I’m posting this because I’m honestly at a loss. I’ve been in this situationship for as long as I can remember & I need advice. There’s this guy & he’s honestly SO nice & he gets me whatever I want but he only visits once a year & only when I’m sleeping & then he just disappears.
I’m just curious if anyone has been through anything like this? Any advice? I don’t even have his number I just write him letters.
the squirrels are playing dodgeball with acorns again, must be mating season
I said something about my Twitter friends to my husband yesterday and he asked me where they live (I don’t know), what they do for a living (I don’t know), if I know their last names (I do not), can I see a picture (sure!), those are cartoons, what do they really look like? (uhh)
Nothing sneaks up on you quite like the age where people give you a bird feeder as a gift.
Take your age and add 5 years to it.
That is your age in 5 years.
Do you hold your breath when people on TV are underwater or are you normal?
Life with teenagers is basically them sniffing out snacks from a mile away yet missing the odour lingering in their bedroom
There are a lot of unspoken rules about complimenting a baby. It is ok to say ‘I could just eat him up!’ but apparently you should not go into detail about which recipe you would follow.
My son found me crying in the kitchen, wrapped his arms around me and whispered, “Is it because of your hair?” Now I’m crying for two reasons.
MAGICIAN: Think of a number, any number.
ME: *thinks for a bit* …k
MAGICIAN: That is a letter.
ME: omg ur right
When I was little I would sit with my grampy and we would look out the window together. He would give me sips of his beer and sugar cubes.
Related: I’m now an alcoholic race horse.
The only way anyone should die is “mysteriously.” It just makes for better stories. “He lived a long, full life and died peacefully in his sleep.” Lame. Boring. A waste. “He lived a long, full life and disappeared in Panama, leaving enigmatic clues.” Excellent. Superb. No notes.

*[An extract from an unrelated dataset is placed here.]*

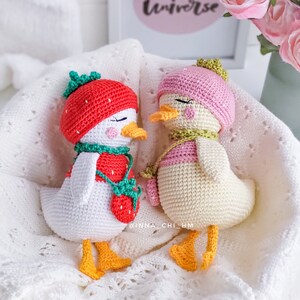 Peut inclure: Deux poup&eacute;es canard faites au crochet. L'une porte un chapeau fraise rouge et une tenue assortie, l'autre un chapeau et une &eacute;charpe roses. Les deux ont des becs et des pieds jaunes, sur fond blanc.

Watching cooking shows makes you realize how much forehead sweat is possibly in your food
As kids, we wondered why our parents were always in a bad mood.
Now we’re like, okay yes this makes sense.
my first real experience with gang violence was the buttercream gang.
If anyone wants to watch the Super Bowl on a 72″ 8k TV, come on over to my place (and bring a 72″ 8k TV).
[Ferrari dealership]
ME: How much for this red one?
SALESMAN: Oh, that’ll cost you a pretty penny
ME: *holding out penny wearing a small wig and lipstick*
SALESMAN: VA-VA-VA-VOOM!
PRO TIP:
Take all those used candy wrappers, put them in a paper towel, squish it into a ball, and then throw it away.That way, your kids won’t know you ate 20 candy bars before any trick or treaters showed up.